# Smoked Pheasant



## smokinrick (Nov 13, 2011)

I've tried pheasant a number of ways in the past. All involved a lot of baking, special ingredients, etc. and left much to be desired.

I decided to try smoking to see how it stacked up. Best yet.

Brined the birds, leg sections and breast sectcions skinned and butterflied in a pickling brine.

1 gallon water

1/2 cup kosher salt

1/2 cup brown sugar

1/4 cup distilled vinegar

1 tsp ground cloves

1 tsp ground allspice

1/2 tsp ground black pepper

Soaked 4 hours in the brine, put in the smoker at 215 towards the end of a run with a couple of pork shoulders. Might as well take advantage of the grill space. Guessed at 1 hour 45 minutes since chickens take about 2 hours in my side box unit. Split oak with natural hardwood charcoal mix was used. 
	

		
			
		

		
	








Here is the finished product just before coming off arrayed around the shoulders. A glaze of half honey, half balsamic vinegar was used at the start and an hour later.
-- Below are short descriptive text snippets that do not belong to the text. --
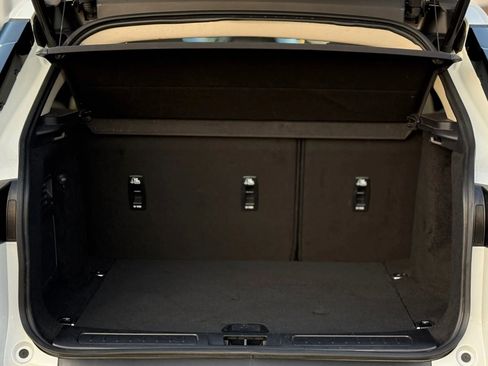 Used 2016 Land Rover Range Rover Evoque SE image 29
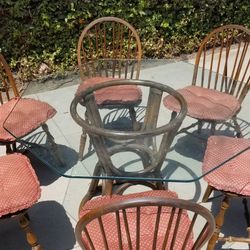 Breakfast Table & Chairs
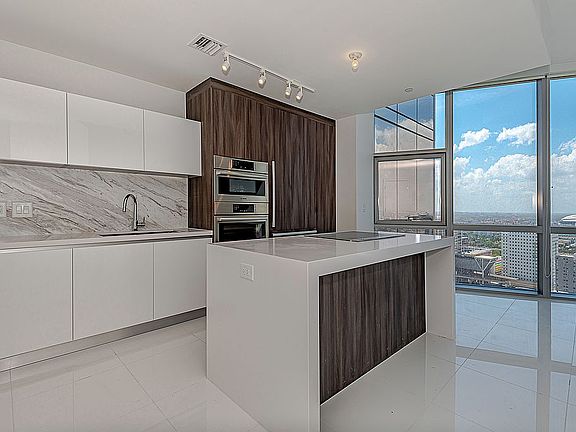 2nd image of 851 NE 1st Ave #2802AB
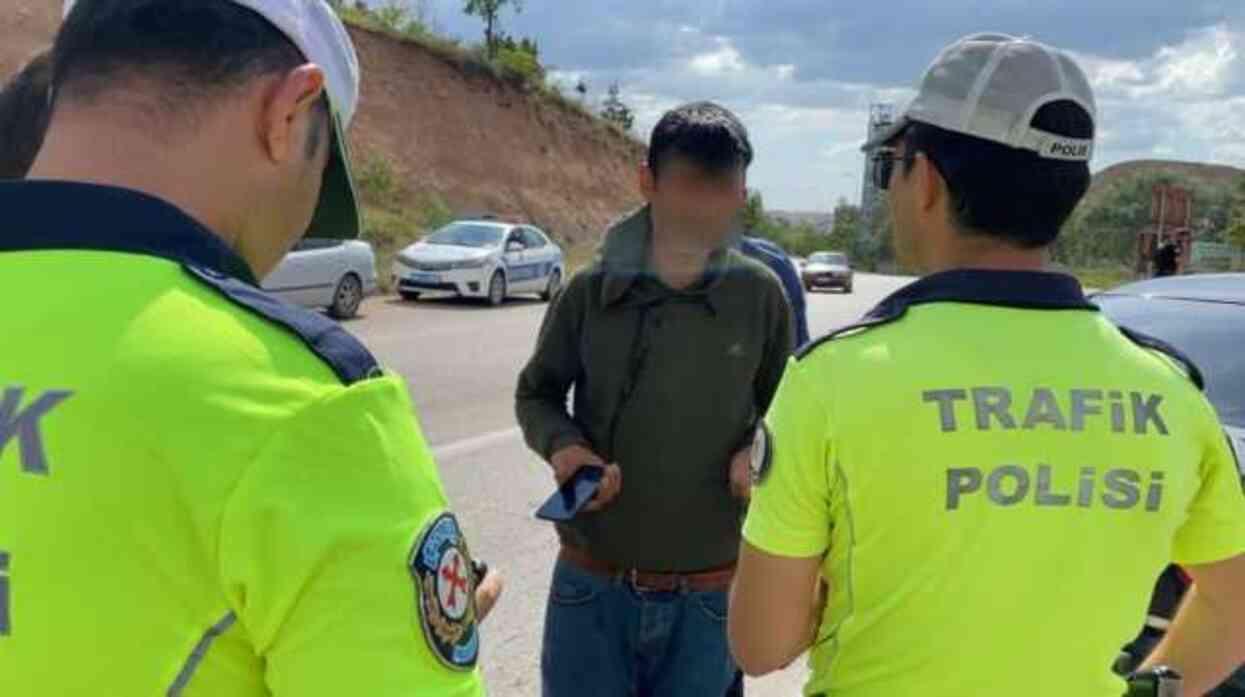 Defalarca alkollü yakalandı! Ehliyetin nerde diyen polise 'Sizde' diye yanıt verdi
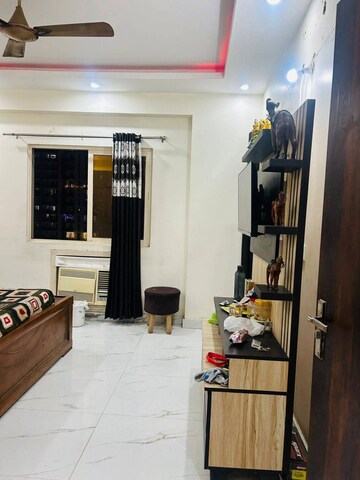 Living Room in 3 BHK Builder Floor at Palm Residency Chhatarpur, Chattarpur – for Rent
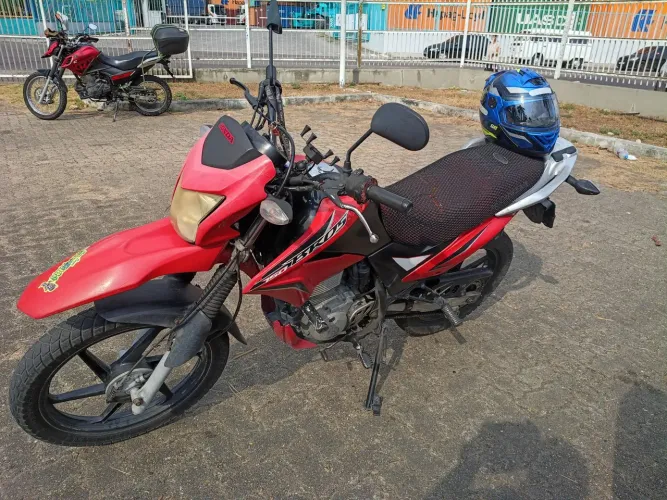 Vendo ou troco Broz 150 flex bem conservada e econômica.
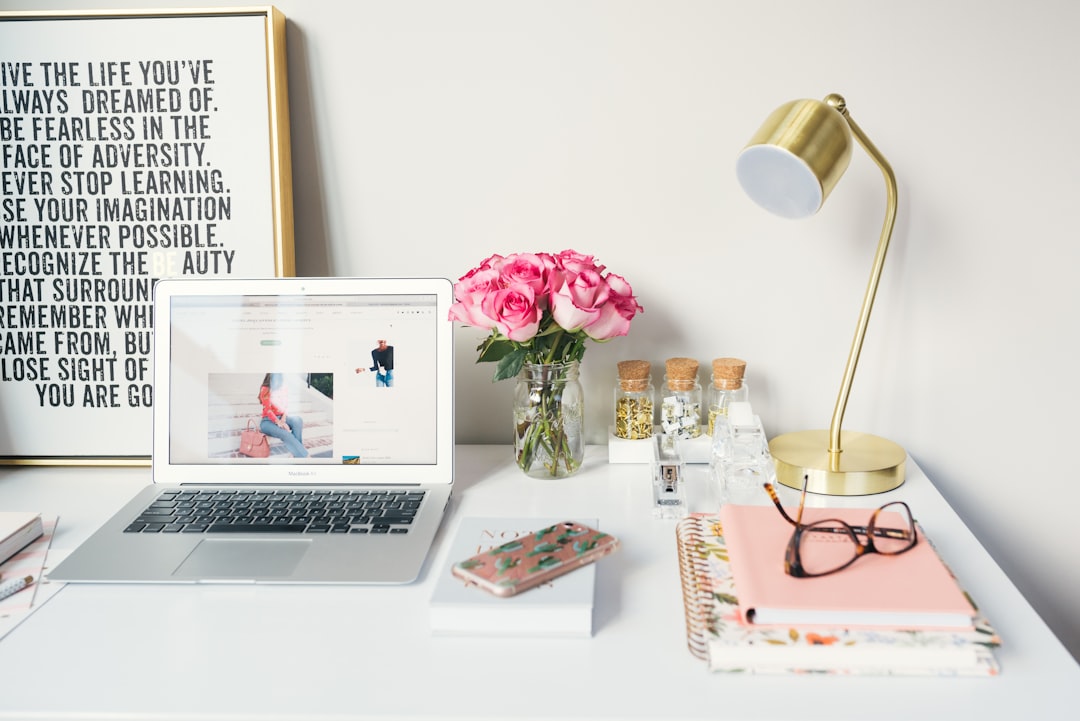bridging-the-gap-mastering-communication-through-mbti-insights-1786439280598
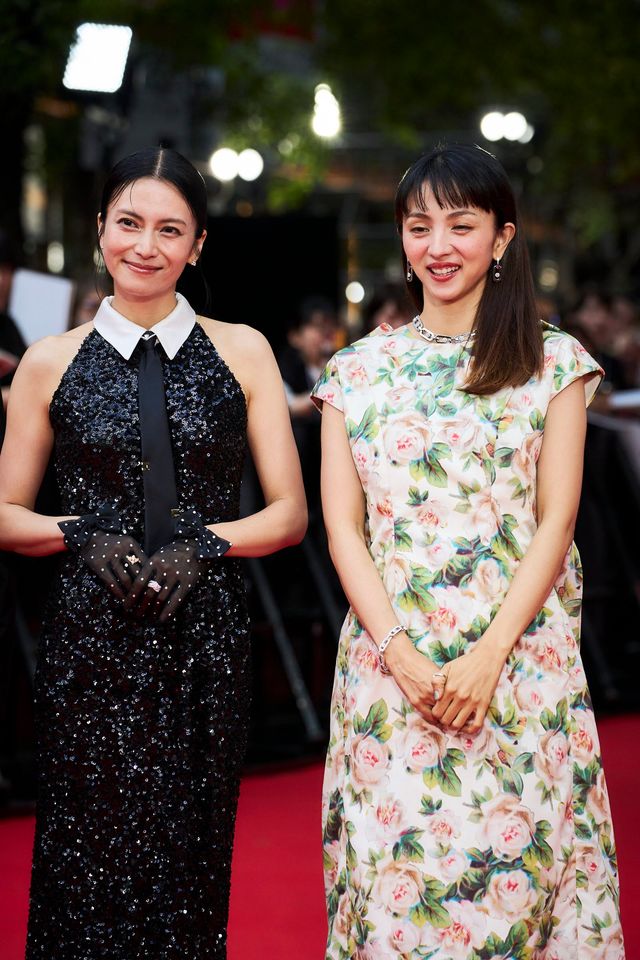 柴咲コウ、輝く黒ドレスでレッドカーペット魅了！満島ひかりと笑顔（11枚目）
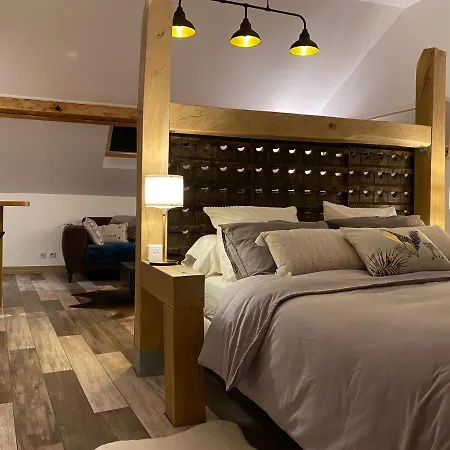 A La Tete De Cheval Apartment *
The birds were tender and succulent,  not at all dry and tough like other recipes. I sliced the meat in thin strips and served as a lunch entree for 8 with cheese, crackers and a nice white wine. Raves all around. Enjoy!


----------



## chef jimmyj (Nov 14, 2011)

Great looking Bird...Your brine is similar to mine, works well...Been a long time since I had Pheasant...JJ


----------



## boykjo (Nov 14, 2011)

Now thats the way I like to do a bird.... Kudos................
	

	
	
		
		



		
		
	


	





Joe


----------



## africanmeat (Nov 14, 2011)

Wow it looks great thanks for the info


----------



## SmokinAl (Nov 14, 2011)

Looks delicious!


----------



## mdboatbum (Nov 14, 2011)

That looks awesome! I've got a freezer full of pheasants at the moment and was thinking about smoking a couple. Glad to know it'll work out!


----------



## smokinrick (Nov 14, 2011)

Mdboatbum said:


> That looks awesome! I've got a freezer full of pheasants at the moment and was thinking about smoking a couple. Glad to know it'll work out!


 Yes, I have a freezer with more as well. The pre slicing for serving was to check for shot bb's and take out the leg spines. I think the pre-brine skinning was important. These were ranched birds so true wild ones would most likely be tougher.


----------



## oldschoolbbq (Nov 14, 2011)

I don't go hunting for Pheasant,however there is a group of Sportsmen here in Gibsonburg that raise pheasants for huinting. They escape at times and go where they shouldn't be and get hit by cars,when I hit one,I slam on the brakes and P/U the bird and dispatch it at home. The wife says YUK, but it's good grub, and I use a Brine similar to yours.

The wife has to tell me to stop running the backroads around here
	

	
	
		
		



		
		
	


	





. Why, I'd miss a good meal maybe.LOL

Have fun and...


----------



## fpnmf (Nov 14, 2011)

Awesome chow!!

  Craig


----------



## venture (Nov 14, 2011)

Haven't done it for a while.

If it came out tender and moist you must have done it right.  These birds are tricky because they are lean and will dry out.

Good luck and good smoking.


----------



## coffee_junkie (Nov 15, 2011)

I just got back from hunting Phez in NE Montana. I brought a few home and will definitely try this out for a holiday appetizer. I have had trouble with brined birds being too salty.But this is a low salt brine and is only brined for a few hours.


----------